19th and 20th-century Primate of the Armenian Church of America

Khajag Barsamian (Խաժակ Արքեպիսկոպոս Պարսամեան; born July 4, 1951) is an Armenian Orthodox Archbishop who has served as the pontifical legate of Western Europe and representative of the Armenian Apostolic Church to the Holy See since 2018. He was previously the Armenian Primate of America (Eastern) from 1990 to 2018.

==Early life ==
Barsamian was born in Arapkir, Turkey on July 4, 1951. At age 13, he began his religious studies at the Holy Cross Armenian Seminary in Istanbul. Encouraged by Archbishop Shnork Kaloustian (the late Armenian Patriarch of Constantinople), he went to Jerusalem to study at the Seminary of the St. James Armenian Patriarchate from 1967 to 1971. He was ordained a celibate priest in 1971 and achieved the ecclesiastical degree of vartabed two years later.

His later educational pursuits led him throughout the United States and Europe: to New York's General Theological Seminary, St. John's University in Minneapolis, the Gregorian University in Rome, and Oxford's Oriental Institute. He has lectured in the United States, Italy, England, Germany, Jerusalem and Armenia, and has conducted research at the Manuscript Library of Yerevan, the Mekhitarist Institute of Venice and the Manuscript Library at the Patriarchate of Jerusalem. His publications have appeared in various educational and scholarly journals. In October 1991, General Theological Seminary awarded him an Honorary Doctor of Divinity Degree.

== Career ==
Concurrent with and subsequent to his education, he took on pastoral duties in Istanbul; in the Armenian communities in Jaffa, Haifa and Ramleh; and throughout the Eastern Diocese of the Armenian Church of America—in Worcester, Massachusetts; Minneapolis – Saint Paul and at the St. Vartan Armenian Cathedral in New York City, where he served as Vicar General and director of Ecumenical Relations.

===Primate ===
Barsamian was elected Primate of the Diocese of the Armenian Church of America (Eastern) in the spring of 1990 (succeeding Abp. Torkom Manoogian), and was subsequently elevated to the rank of bishop by Vasken I (the late Supreme Patriarch and Catholicos of All Armenians), at the Cathedral of Holy Echmiadzin. In 1992, he received the rank of archbishop. In May 2018, Barsamian announced that he would not seek an eighth term as Primate. His 28-year reign as Primate is the longest in the history of the Eastern Diocese of the Armenian Church of America. On May 4, 2018, Very Rev. Fr. Daniel Findikyan (now a bishop) was elected as Barsamian's successor and confirmed by Karekin II, the Supreme Patriarch and Spiritual Leader of the Armenian Church.

=== Pontifical legate ===
In 2018, Barsamian became the pontifical legate of Western Europe and representative of the Armenian Apostolic Church to the Holy See.

==Other activities==
Abp. Barsamian has been a central figure in arranging frequent meetings between the supreme leaders of the Armenian and Catholic churches. He has played a key role in arranging the 2001 visit of Pope John Paul II to Armenia, in bringing together the mass in remembrance of Armenian genocide at St. Peter's Basilica in Rome in 2015, and in organizing the visit of Pope Francis to Armenia in June 2016.

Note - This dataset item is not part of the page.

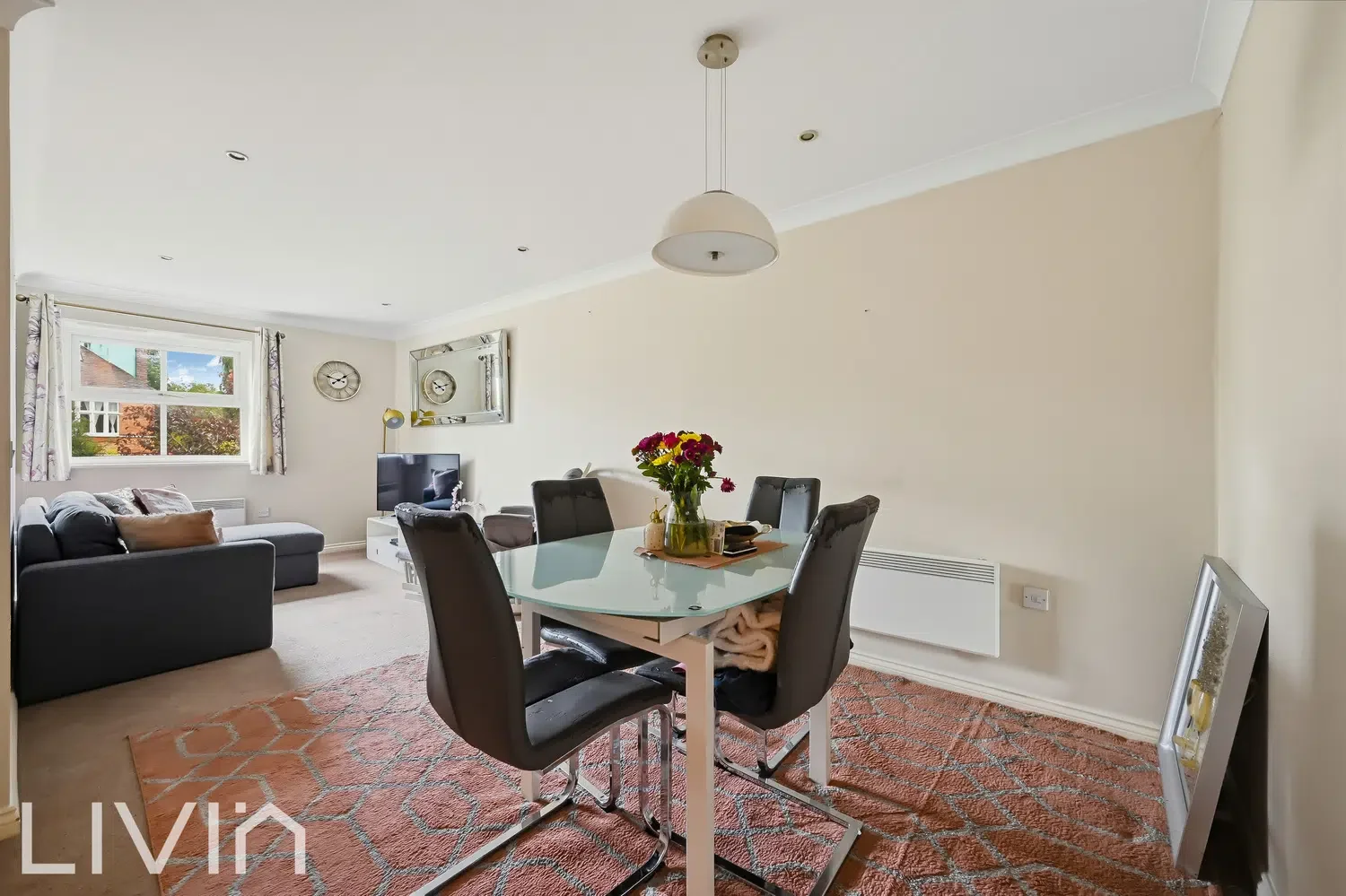 Flat Sycamore Close in Greater London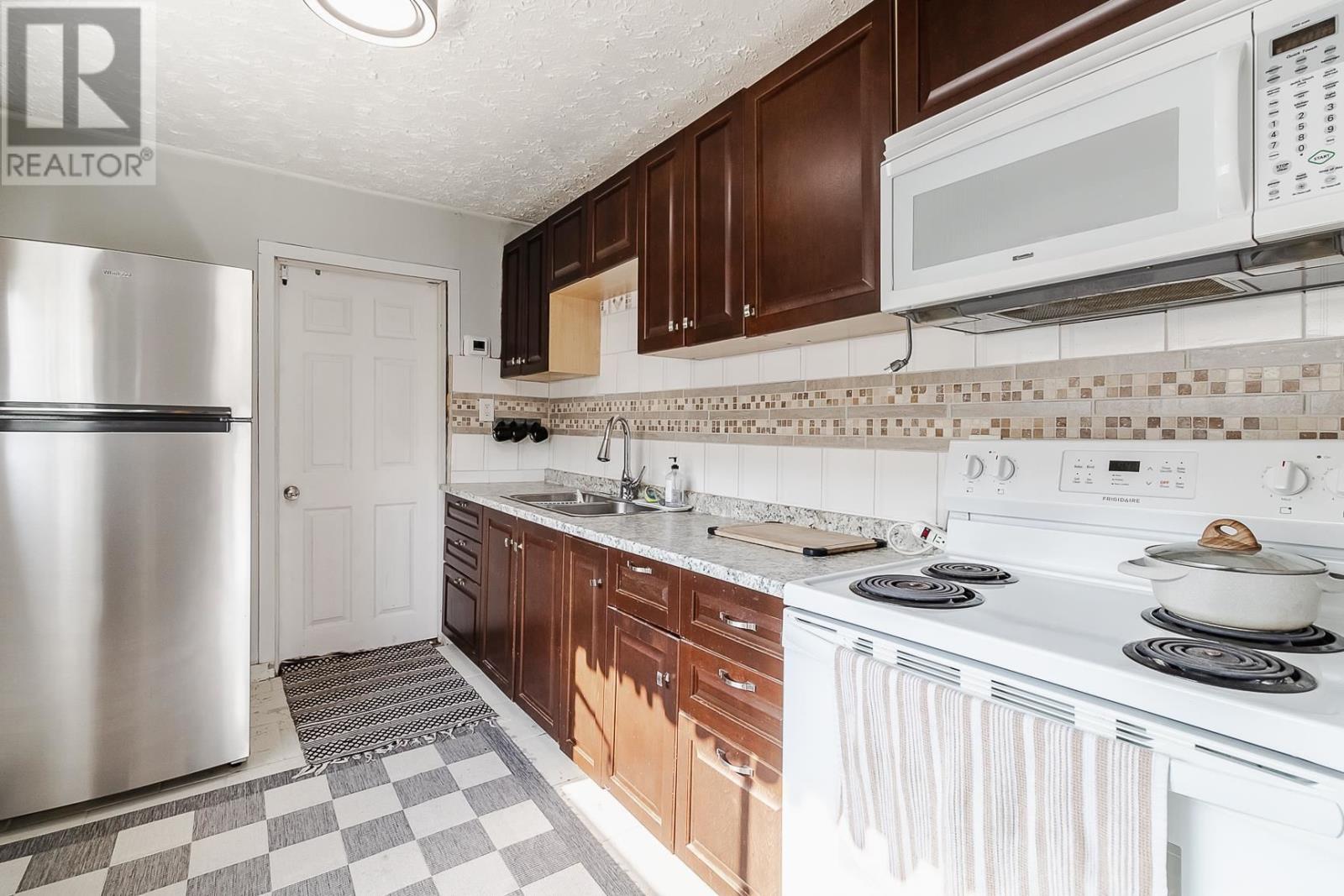 Photo 20 of 61 Curran Dr, Sault Ste Marie ON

As the former president of Fund for Armenian Relief (FAR), Barsamian led the effort to develop Armenia and bring humanitarian assistance to its citizens.

Abp. Barsamian is a leader in religious and ecumenical organizations, including the National Council of Churches, the World Council of Churches, the Appeal of Conscience Foundation, the National Ethnic Coalition of Organizations, Religion in American Life, and the American Bible Society.

== Recognition ==
He is a recipient of the Ellis Island Medal of Honor, and has received honorary doctorates from General Theological Seminary, Seton Hall University, and the Academy of Sciences of Armenia.